IL RETROSCENA – Già, proprio così. Perché il tecnico azzurro, prima ancora di cominciare a discutere con De Laurentiis del futuro, ha espresso precisamente questo concetto: Pandev è la base, la prima pietra su cui fondare il nuovo corso. Che si fa? Beh, il presidente ha preso il telefono e ha chiamato Moratti, davanti al proprio allenatore, la sera stessa dell’incontro di Roma: nostro. E uno. Il secondo passaggio, ora, dovrà farlo Goran: tanta fiducia e tanta stima meritano risposte in campo.
CHE CURRICULUM – La pressione, comunque, non è mica un problema per lui: la leggenda del calcio macedone, il capitano della Nazionale, il mister Triplete dell’Inter di Mourinho e il signor Coppa Italia. Scudetti e coppe, trofei e soddisfazioni a go-go. Un elenco lungo così. Proprio così: scudetto, Champions, Mondiale per club, Coppa Italia (2), Supercoppa italiana e Viareggio con l’Inter; Coppa Italia e Supercoppa italiana con la Lazio; Coppa Italia con il Napoli. Che curriculum, per quello che in Macedonia è considerato il miglior giocatore della storia del Paese, nonché per il miglior marcatore incoronato dalle statistiche nazionali (25 gol).

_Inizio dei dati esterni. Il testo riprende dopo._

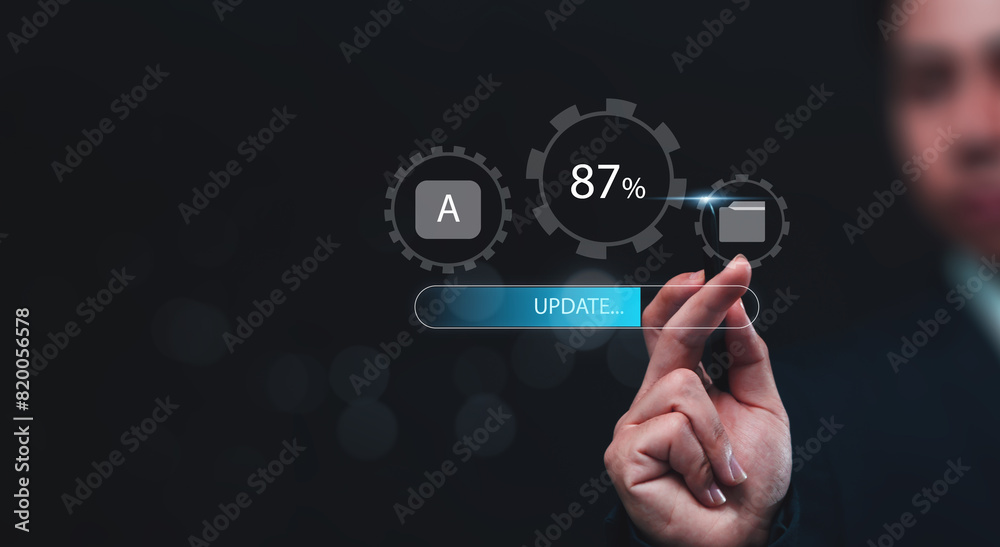 Fototapete Updating computer system software application installation for devices to be up to date with the new version. Hand interacting with graphics icon updating function screen loading on computer laptop.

LA NUOVA VITA – Con Mou, che ancora oggi sente con grande affetto, è stato tra gli uomini della svolta. Determinante per il ciclo straordinario, pur suonando in un’orchestra degna della Filarmonica di Vienna. Con Mazzarri, invece, dovrà essere il direttore. Anzi, un animale da palcoscenico. Il frontman della band: è questo il motivo per cui è stato fortemente voluto. E’ lui, che l’allenatore considera l’uomo più dotato tecnicamente. E non ha torto. Dunque, sotto con la nuova vita di Goran il macedone: perché se il genio (sregolato) è innato e sublime, il fisico va curato giorno per giorno. Costruito e alimentato sin dall’estate, questa volta: sin da Dimaro, con una preparazione atletica degna del novero e dello spessore degli impegni che aspettano il Napoli sin dall’11 agosto a Pechino con la Juve in Supercoppa. Il resto verrà da sé.

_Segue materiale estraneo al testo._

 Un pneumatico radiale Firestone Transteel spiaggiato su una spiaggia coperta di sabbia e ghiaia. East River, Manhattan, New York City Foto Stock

LA CITTA’ – Prima del raduno, fissato il 9 luglio al centro sportivo di Castelvolturno, però, saranno soltanto vacanze. Un lungo viaggio di nozze, considerando che Goran, una settimana fa, ha sposato anche in chiesa la signora Danica, sua moglie, per la legge, dal 2009. La cerimonia e poi la festa con un centinaio d’invitati all’hotel Sirius di Strumica, la sua città, con danzatrici del ventre, i due figli e l’amico Dejan Stankovic al proprio fianco. Gioia vera, pura, come all’Olimpico dopo la conquista della Coppa Italia azzurra: “E’ stata la più bella delle quattro vinte”. O la firma sul contratto triennale che lo ha legato al Napoli: “Lo volevo a tutti i costi. Qui sono felice”. E anche ben integrato: il caffè con vista su Posillipo, le cene alla Finestrella di Marechiaro, qualche amico – pochi ma fidati – e l’abbraccio del popolo: “La festa per la Coppa Italia sembrava quella per la Champions: non oso immaginare cosa potrebbe accadere, se dovessimo vincere altro”. Restare per provare. E per credere.